To make it, you need some way to quickly cut one or two whole potatoes into julienne, which means matchsticks about 2mm in thickness. A bit thinner than that is even better -- at school, we use a mandolin, and at home I use a Benriner slicer, which is a Japanese mandolin. Usually you can't vary the width of a julienne cut on a mandolin, but the thickness of slices can be adjusted any way you like. To make Pommes Darphin, I set it to slice just a bit thinner than the widths of the sticks it cuts, so they have a slightly rectangular (oblong) cross section. The cooked potatoes will look nicer and hold together better if the sticks are thin enough that they flop around easily before you cook them, rather than staying rigid like wooden matches.
There are two things to keep in mind to make this: first, you want all of the starch in the potatoes, so you can't cut them ahead of time and soak them in water or you'll draw the starch out and get rid of it; second, you need to find the right level of medium heat that is high enough to brown the potatoes but not so high that they get burned before they are cooked through.
Pommes Darphin in the pan; the cake is thicker
than it looks in this picture, or at least it should be.
Even though it looks very thin and flat, you can see that
it is thick enough that it still has a lot of unbrowned
potato below the surface.
than it looks in this picture, or at least it should be.
Even though it looks very thin and flat, you can see that
it is thick enough that it still has a lot of unbrowned
potato below the surface.
The process is simple: Have an 8-inch fry pan ready on the stove and a flavorless oil (like vegetable oil) at hand. Peel a potato, or two if they are small. Put your burner on low to begin heating your pan. Cut the potato into julienne (matchsticks about 1.5mm-2mm thick, and about 3 inches long, or as long as you can get them on whatever device you are using). As soon as the potato is cut, put oil in your pan (about 1/8" deep - a bit more than the film you'd normally use to sauté something, but not as much as you'd use to really fry). Salt and pepper the potatoes and toss them so they get seasoned throughout. Put the whole pile of potatoes into the pan (it should look like a little too many potatoes for the pan), adjust the heat so they are browning but not popping violently, and use a spatula to press them down and gather the sides up into a nice even circular shape.

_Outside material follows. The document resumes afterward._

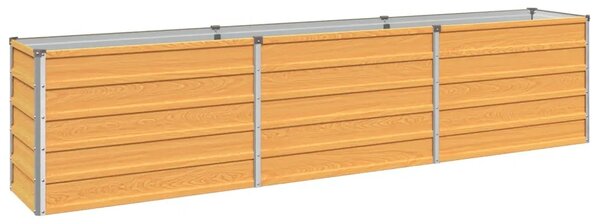 Povišeni vrtni krevet Prirodna 240 x 40 x 55 cm - 240 x 40 x 55 cm Prirodna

When the edges of the bottom are very browned (after about 4 minutes; the center will probably be less browned than the edges), the cake should hold together well enough that you can flip it over with a spatula. Once you've turned it, put about a half teaspoon of butter in each of four spots around the edge of the pan (so four teaspoons total, or a bit more than a tablespoon), like you're dotting the points of a compass. At this point, you can probably turn the heat down just a bit to cook it through without burning.

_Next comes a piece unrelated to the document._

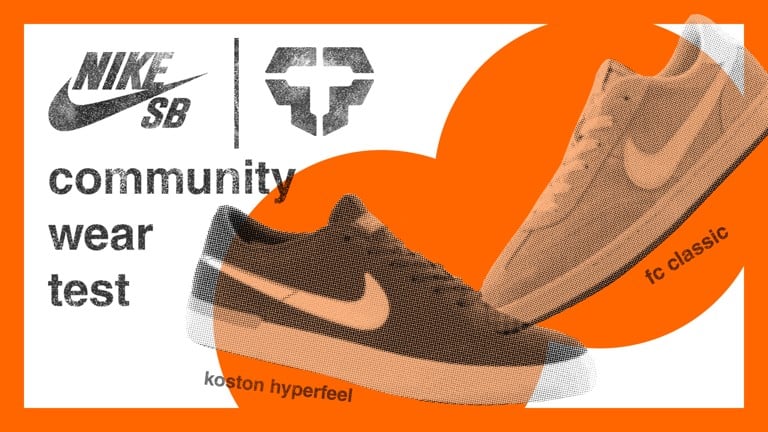 Tactics X Nike SB Community Wear Test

When it's done (after another 4 minutes or so cooking the second side), you can drain it on a cooling rack or on paper towels, and hit it with more salt if you want. If it cools too much or you want to make more than one or make them ahead, you can reheat them in the oven later. The cake is usually cut into slices for serving, sort of like a pizza. If you were plating it as a side dish, you could use a quarter or sixth of the cake on each plate. But usually when I make it, I just eat the whole thing as soon as it's ready, sort of like a pizza.